- Golija Location within Montenegro

Highest point
- Elevation: 1,942 m (6,371 ft)
- Coordinates: 42°59′27″N 18°48′37″E﻿ / ﻿42.99083°N 18.81028°E

Geography
- Location: Montenegro
- Parent range: Dinaric Alps

= Golija (Montenegro) =

Mountain in western Montenegro

Golija is a mountain in the Dinaric Alps range in Montenegro, northwest of the city of Nikšić. The mountain range extends in the Dinaric direction (NW-SE), for a length of about 40 km, parallel to the Njegoš Mountain to the south, between Nikšić and Gatačko polje, and is up to 8 km wide. The highest peak is Bajovo ždrijelo (1942 m). The highest point of the peak is located on the ridge massif of the central part of the mountain. Southeast of it is the second highest peak, Čardak (1935 m).

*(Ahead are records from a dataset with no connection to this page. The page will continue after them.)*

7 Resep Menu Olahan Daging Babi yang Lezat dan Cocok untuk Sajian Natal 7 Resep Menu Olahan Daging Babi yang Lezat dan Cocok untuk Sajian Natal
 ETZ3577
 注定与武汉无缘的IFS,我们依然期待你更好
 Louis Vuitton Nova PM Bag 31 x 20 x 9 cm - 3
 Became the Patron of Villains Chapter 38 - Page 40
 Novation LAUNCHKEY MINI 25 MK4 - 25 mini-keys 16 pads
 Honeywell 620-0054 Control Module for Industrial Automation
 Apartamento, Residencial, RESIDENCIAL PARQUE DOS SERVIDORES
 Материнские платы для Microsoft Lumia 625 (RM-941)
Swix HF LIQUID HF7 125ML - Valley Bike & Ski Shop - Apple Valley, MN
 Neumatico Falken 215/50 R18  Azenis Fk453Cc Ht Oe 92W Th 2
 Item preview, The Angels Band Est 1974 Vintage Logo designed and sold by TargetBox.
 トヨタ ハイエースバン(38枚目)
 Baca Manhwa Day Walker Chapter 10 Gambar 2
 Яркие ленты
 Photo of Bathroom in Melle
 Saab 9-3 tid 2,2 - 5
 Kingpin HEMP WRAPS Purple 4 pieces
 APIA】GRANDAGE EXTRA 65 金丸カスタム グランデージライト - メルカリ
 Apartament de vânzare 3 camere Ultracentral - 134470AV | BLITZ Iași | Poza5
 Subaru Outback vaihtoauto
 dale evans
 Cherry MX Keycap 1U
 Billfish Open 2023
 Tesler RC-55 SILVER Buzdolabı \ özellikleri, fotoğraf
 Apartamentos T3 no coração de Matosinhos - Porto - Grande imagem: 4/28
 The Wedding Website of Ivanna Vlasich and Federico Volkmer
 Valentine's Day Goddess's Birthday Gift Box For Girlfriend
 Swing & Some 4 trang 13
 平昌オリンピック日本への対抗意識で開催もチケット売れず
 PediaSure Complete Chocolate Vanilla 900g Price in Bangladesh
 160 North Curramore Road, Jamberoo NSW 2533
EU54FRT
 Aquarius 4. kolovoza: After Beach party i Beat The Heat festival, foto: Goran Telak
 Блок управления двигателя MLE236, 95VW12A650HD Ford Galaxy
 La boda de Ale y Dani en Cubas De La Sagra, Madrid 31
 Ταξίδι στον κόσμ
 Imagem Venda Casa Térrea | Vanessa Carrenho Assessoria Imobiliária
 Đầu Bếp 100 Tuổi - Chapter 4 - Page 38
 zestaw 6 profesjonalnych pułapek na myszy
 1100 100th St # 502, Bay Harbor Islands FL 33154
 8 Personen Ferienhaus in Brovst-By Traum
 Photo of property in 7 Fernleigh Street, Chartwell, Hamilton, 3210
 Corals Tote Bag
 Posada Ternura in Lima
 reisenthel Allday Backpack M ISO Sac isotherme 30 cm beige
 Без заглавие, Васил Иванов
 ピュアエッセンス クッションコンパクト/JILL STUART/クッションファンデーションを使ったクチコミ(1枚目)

The mountain got its name from its bareness, i.e. the lack of forest throughout its peak area, especially on the southern side of the mountain ridge. It is built of limestone and dolomite of Cretaceous age. It is overgrown with forest, mostly on the northern side, while the southern side is barren. The ridge of the mountain is an undulating plateau suitable for walking along the peaks. The mountain slopes are quite steep, and the central part consists of flat parts, rocky outcrops and rocky ridges. The slopes towards the Piva are overgrown with dense deciduous and coniferous forests, while the southwestern ones are quite bare.
Northwest of Mount Golija, to Mount Njegoš and Somina is the Golija region, known for cattle husbandry.